Codemia | Master System Design Interviews Through Active Practice

My Solution for Design Twitter

Tweet Publishing: Users can share updates or tweets.
User Following: Enables users to subscribe to others' feeds.
Personalized Tweet Feeds: Users receive a feed of tweets from those they follow.
Interactivity: Users can like and comment on tweets.

Scalability: The system can handle a growing number of users and data.
Availability: Ensures the system is always accessible for a seamless user experience.
Performance: Prioritizes quick access to personalized feeds, optimizing for read operations due to their higher frequency compared to writes.

User Base: 1 billion users, each posting 10 tweets daily.
Data Generation: Each tweet averages 100 characters, resulting in 10TB of new data daily, accumulating to 4PB annually.
User Interactions: Each user follows approximately 100 others, leading to a 400MB data footprint per user for feed information, maintainable in memory for quick access.

Users Table: Contains user_id, password_hash, and other metadata.
User Following/Followers Tables: Track following relationships, indexed by user_id.
Tweets Table: Stores tweets with tweet_id, user_id, tweet_contents, timestamp, and likes.
Comments Table: Links comments to tweets, including tweet_id, comment, and timestamp.

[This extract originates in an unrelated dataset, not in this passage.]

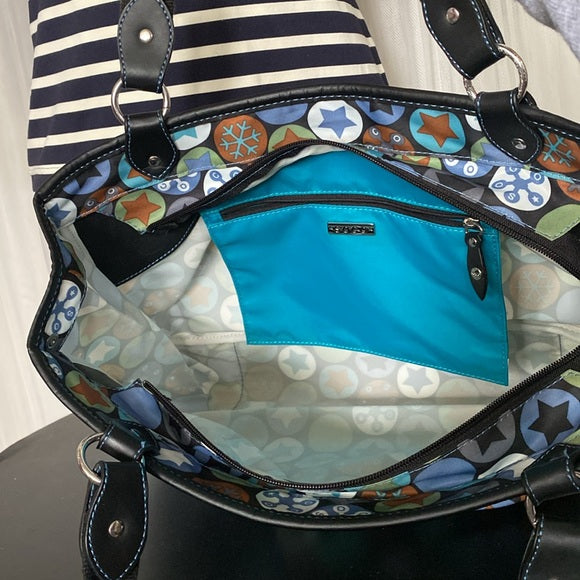 Soco shoulder bag stars, snowflakes ❄️ nylon /black leather! Blue stitching!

Client Requests: Users interact with the platform through various actions, such as posting tweets, commenting on tweets, liking tweets, and following other users. These interactions are initiated from the client side, which could be a web or mobile application.
Load Balancing: Incoming write requests from clients are directed to a load balancer, which distributes the traffic evenly across a cluster of write servers. This load balancer ensures that no single server becomes a bottleneck, handling peaks in user activity gracefully.
Write Server Processing: The write servers receive the requests and perform the necessary business logic, such as validating the request data and enforcing any constraints or rules related to posting or interacting with content.
Database Persistence: Once processed, the actions are persisted in the database. For example, new tweets are stored in the tweets table, comments are stored in the comments table, and user follow relationships are updated accordingly.
Asynchronous Processing with Kafka: After the data is stored in the database, change data capture mechanisms or explicit service logic enqueues messages related to these actions into Kafka queues. Each type of action (e.g., new tweets, new comments, likes, follows) can be routed to specific Kafka topics for organized processing.

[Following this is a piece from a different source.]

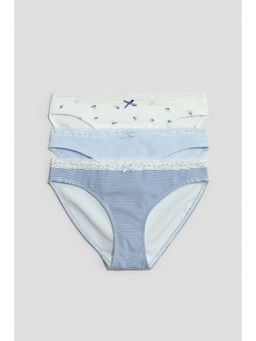 H&M - Girls Blue 3-Pack Cotton Briefs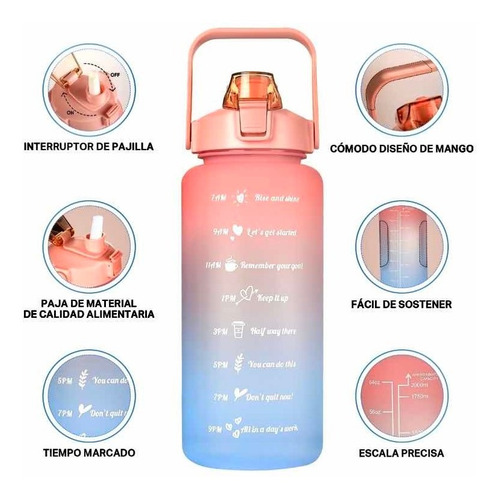 Botella De Agua 2l Taza Deportiva Gran Capacidad Con Popote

Data Streaming: Kafka queues serve as the initial staging area for streaming data, capturing the activities that need to be processed to update user feeds, aggregate likes, or refresh cached content.
Processing with Flink/Spark: Stream processing engines like Apache Flink or Apache Spark consume messages from Kafka topics. They perform operations such as:

Aggregating likes for tweets to update counters in the database.
Compiling new tweets and comments into the follower feeds based on the user-following relationships.
Preemptively updating caches with new content to ensure high availability and performance for read operations.

Cache Updates: The outcome of stream processing often involves updating or invalidating cache entries to reflect the latest state of the data. For highly active or popular content, this might include pushing updates to a distributed cache to serve high read volumes efficiently.

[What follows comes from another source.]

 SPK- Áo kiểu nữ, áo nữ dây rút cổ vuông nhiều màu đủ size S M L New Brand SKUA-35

Feed Requests: When users access their personalized feeds or interact with tweets, read requests are sent to the system. These might include fetching the latest tweets from followed users, viewing comments on a tweet, or checking the number of likes a tweet has received.
Load Balanced Read Servers: Similar to write operations, read requests are routed through a load balancer to distribute the load across a cluster of read servers. This setup helps in managing the read-heavy nature of the platform, ensuring users can quickly access their feeds and tweet interactions.
Cache-First Strategy: The read servers first attempt to retrieve the requested data from the cache, which stores precompiled user feeds and popular content. By relying heavily on caches, the system minimizes direct database queries, reducing load on the database and enabling faster response times for users.
Database Fallback: If the requested data is not available in the cache or the cache entry has expired, the read server fetches the data from the database. After retrieval, the data is served to the user and simultaneously repopulated into the cache for future requests.

Cassandra: Selected for the tweets database to leverage fast writes and partitioning by user_id for scalability and efficient timeline queries.
MySQL: Utilized for the comments database to maintain causal consistency and support relational operations.

Kafka's resilience ensures data integrity through disk storage and replay capabilities.
Flink's checkpointing offers fault tolerance with exactly-once processing guarantees.
Database replication enhances data availability.
The system's primary bottleneck is the write throughput to the tweets database, critical for maintaining timely updates across user feeds.

Optimizing Write Throughput: Implementing more efficient batch processing or finding new ways to optimize database writes can alleviate bottlenecks.
Enhancing Cache Resilience: Exploring persistent caching solutions or advanced invalidation strategies could improve system robustness.
Streamlining Feed Generation: Investigating alternative data processing frameworks or algorithms might yield faster feed compilation, especially for active users with many follows.